I have a dataset containing a POSIXct column named as date
. Observations (rows) are separated from each other by intervals of 5 minutes. Unfortunately, after a certain time a lag appear between two observations delaying the rest of the data frame.
In that example, 2022-05-31 09:40:00
-> 2022-05-31 09:48:27
, instead of 2022-05-31 09:45:00
.
I would like to correct it to have back "minutes" values of the POSIXct finishing by 5 or 0 (seconds are not necessary and can be removed).
The final purpose is to merge the dataset with another one. I would then prefer have one missing value due to a lag correction, than an entire part of my dataset despairing due to the impossibility to merge value.
An example of my dataset:
structure(list(date = structure(c(1653983700, 1653984000, 1653984300,
1653984600, 1653984900, 1653985200, 1653985500, 1653985800, 1653986100,
1653986400, 1653986700, 1653987000, 1653987300, 1653987600, 1653987900,
1653988200, 1653988500, 1653988800, 1653989100, 1653989400, 1653989700,
1653990000, 1653990507, 1653990807, 1653991107, 1653991407, 1653991707,
1653992007, 1653992307, 1653992607, 1653992907), tzone = "UTC", class = c("POSIXct",
"POSIXt")), `Pressure[cmH2O]` = c("983.800", "983.917", "983.800",
"984.383", "984.325", "984.033", "984.208", "984.325", "984.617",
"984.208", "984.325", "984.208", "984.325", "984.092", "984.383",
"984.208", "984.383", "984.500", "984.500", "984.500", "984.500",
"971.083", "972.367", "984.967", "985.258", "984.792", "984.675",
"984.792", "984.792", "984.967", "984.967")), row.names = c(NA,
-31L), class = c("tbl_df", "tbl", "data.frame"))
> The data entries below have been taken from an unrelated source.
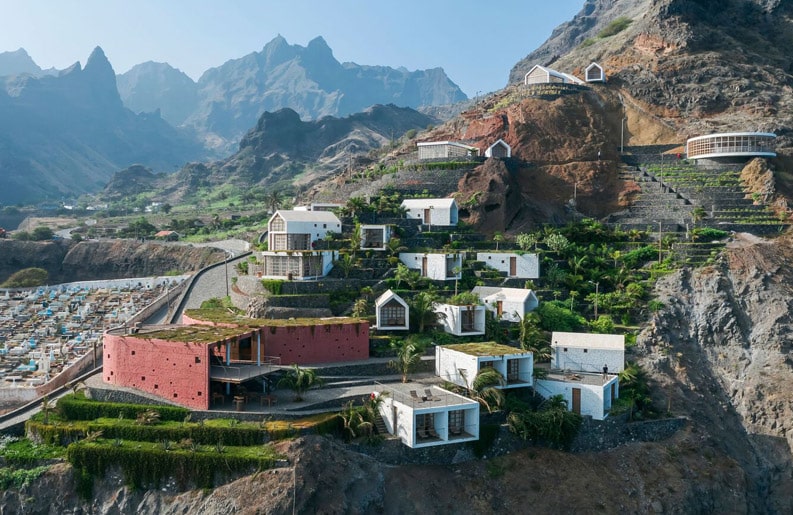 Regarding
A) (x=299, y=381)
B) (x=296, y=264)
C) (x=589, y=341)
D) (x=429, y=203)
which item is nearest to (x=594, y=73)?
(x=429, y=203)

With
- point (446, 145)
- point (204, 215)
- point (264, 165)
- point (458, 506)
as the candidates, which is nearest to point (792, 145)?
point (446, 145)

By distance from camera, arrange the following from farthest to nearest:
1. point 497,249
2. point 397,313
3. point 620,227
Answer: point 620,227
point 497,249
point 397,313

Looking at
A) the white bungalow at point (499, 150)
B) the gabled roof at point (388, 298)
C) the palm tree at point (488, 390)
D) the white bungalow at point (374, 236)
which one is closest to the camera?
the palm tree at point (488, 390)

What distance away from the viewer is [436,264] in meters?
38.8

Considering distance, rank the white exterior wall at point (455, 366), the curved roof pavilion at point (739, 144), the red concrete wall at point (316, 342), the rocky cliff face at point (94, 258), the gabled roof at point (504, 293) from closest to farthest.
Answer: the white exterior wall at point (455, 366) < the red concrete wall at point (316, 342) < the gabled roof at point (504, 293) < the curved roof pavilion at point (739, 144) < the rocky cliff face at point (94, 258)

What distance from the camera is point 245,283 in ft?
125

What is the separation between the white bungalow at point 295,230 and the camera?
3966 centimetres

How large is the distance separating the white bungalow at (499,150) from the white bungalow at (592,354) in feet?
80.2

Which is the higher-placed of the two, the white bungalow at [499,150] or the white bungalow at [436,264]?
the white bungalow at [499,150]

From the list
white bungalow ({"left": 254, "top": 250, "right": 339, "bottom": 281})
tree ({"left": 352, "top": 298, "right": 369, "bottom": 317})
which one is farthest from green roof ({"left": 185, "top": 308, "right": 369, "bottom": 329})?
white bungalow ({"left": 254, "top": 250, "right": 339, "bottom": 281})

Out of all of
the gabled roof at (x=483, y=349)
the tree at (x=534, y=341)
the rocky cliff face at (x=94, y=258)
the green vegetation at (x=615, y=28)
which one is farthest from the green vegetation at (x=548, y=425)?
the green vegetation at (x=615, y=28)

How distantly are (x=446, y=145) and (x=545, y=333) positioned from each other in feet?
76.0

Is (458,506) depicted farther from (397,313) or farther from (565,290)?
(565,290)

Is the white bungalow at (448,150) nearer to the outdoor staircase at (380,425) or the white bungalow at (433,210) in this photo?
the white bungalow at (433,210) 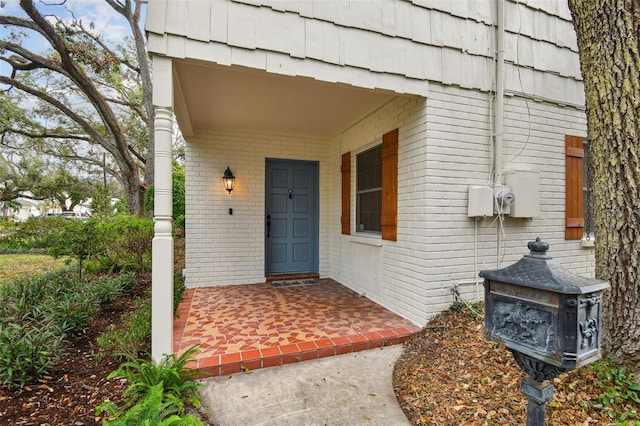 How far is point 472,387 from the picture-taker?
203 centimetres

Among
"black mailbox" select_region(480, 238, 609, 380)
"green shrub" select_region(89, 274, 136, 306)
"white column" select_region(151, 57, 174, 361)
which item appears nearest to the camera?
"black mailbox" select_region(480, 238, 609, 380)

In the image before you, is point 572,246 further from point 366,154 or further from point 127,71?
point 127,71

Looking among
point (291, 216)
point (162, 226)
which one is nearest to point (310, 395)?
point (162, 226)

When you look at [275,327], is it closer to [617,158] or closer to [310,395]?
[310,395]

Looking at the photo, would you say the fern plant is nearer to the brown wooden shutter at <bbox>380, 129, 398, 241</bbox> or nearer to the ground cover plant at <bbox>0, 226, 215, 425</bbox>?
the ground cover plant at <bbox>0, 226, 215, 425</bbox>

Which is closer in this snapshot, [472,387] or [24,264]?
[472,387]

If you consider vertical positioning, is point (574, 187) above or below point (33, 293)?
above

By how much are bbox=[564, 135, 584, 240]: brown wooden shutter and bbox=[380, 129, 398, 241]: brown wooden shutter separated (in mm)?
2127

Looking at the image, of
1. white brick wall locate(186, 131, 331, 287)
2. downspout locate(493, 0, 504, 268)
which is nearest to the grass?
white brick wall locate(186, 131, 331, 287)

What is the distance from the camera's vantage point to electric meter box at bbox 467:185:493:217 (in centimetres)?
314

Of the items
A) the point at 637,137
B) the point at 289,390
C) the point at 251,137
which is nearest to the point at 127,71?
the point at 251,137

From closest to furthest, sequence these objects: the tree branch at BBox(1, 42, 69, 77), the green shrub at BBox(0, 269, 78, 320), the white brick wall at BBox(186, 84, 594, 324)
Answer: the green shrub at BBox(0, 269, 78, 320) → the white brick wall at BBox(186, 84, 594, 324) → the tree branch at BBox(1, 42, 69, 77)

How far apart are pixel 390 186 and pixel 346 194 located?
1.15 meters

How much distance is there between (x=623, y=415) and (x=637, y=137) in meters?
1.61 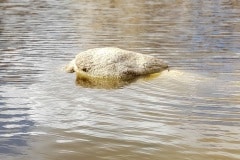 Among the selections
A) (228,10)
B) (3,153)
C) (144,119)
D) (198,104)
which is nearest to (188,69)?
(198,104)

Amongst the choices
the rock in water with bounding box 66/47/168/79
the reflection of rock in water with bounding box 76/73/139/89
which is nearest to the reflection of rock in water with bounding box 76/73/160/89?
the reflection of rock in water with bounding box 76/73/139/89

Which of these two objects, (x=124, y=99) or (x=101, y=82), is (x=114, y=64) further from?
(x=124, y=99)

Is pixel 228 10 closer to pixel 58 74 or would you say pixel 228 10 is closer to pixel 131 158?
pixel 58 74

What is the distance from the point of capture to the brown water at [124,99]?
5988 mm

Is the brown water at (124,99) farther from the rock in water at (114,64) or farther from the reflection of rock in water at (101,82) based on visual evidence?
the rock in water at (114,64)

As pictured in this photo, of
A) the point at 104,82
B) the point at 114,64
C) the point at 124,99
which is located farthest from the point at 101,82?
the point at 124,99

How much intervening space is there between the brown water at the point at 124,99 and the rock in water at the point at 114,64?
339 mm

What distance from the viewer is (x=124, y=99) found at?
822 centimetres

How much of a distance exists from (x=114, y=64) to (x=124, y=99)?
207cm

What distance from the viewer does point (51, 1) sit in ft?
91.6

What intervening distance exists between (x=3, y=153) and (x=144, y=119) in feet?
7.11

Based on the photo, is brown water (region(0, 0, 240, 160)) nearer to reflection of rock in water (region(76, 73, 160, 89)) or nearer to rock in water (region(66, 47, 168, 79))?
reflection of rock in water (region(76, 73, 160, 89))

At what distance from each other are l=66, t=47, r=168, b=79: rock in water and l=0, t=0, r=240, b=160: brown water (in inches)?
13.4

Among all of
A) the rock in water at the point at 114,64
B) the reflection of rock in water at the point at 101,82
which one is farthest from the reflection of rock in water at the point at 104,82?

Use lubridate::round_date.
lubridate::round_date(DF$date, "5 minutes")
Result
[1] "2022-05-31 07:55:00 UTC" "2022-05-31 08:00:00 UTC"
[3] "2022-05-31 08:05:00 UTC" "2022-05-31 08:10:00 UTC"
[5] "2022-05-31 08:15:00 UTC" "2022-05-31 08:20:00 UTC"
[7] "2022-05-31 08:25:00 UTC" "2022-05-31 08:30:00 UTC"
[9] "2022-05-31 08:35:00 UTC" "2022-05-31 08:40:00 UTC"
[11] "2022-05-31 08:45:00 UTC" "2022-05-31 08:50:00 UTC"
[13] "2022-05-31 08:55:00 UTC" "2022-05-31 09:00:00 UTC"
[15] "2022-05-31 09:05:00 UTC" "2022-05-31 09:10:00 UTC"
[17] "2022-05-31 09:15:00 UTC" "2022-05-31 09:20:00 UTC"
[19] "2022-05-31 09:25:00 UTC" "2022-05-31 09:30:00 UTC"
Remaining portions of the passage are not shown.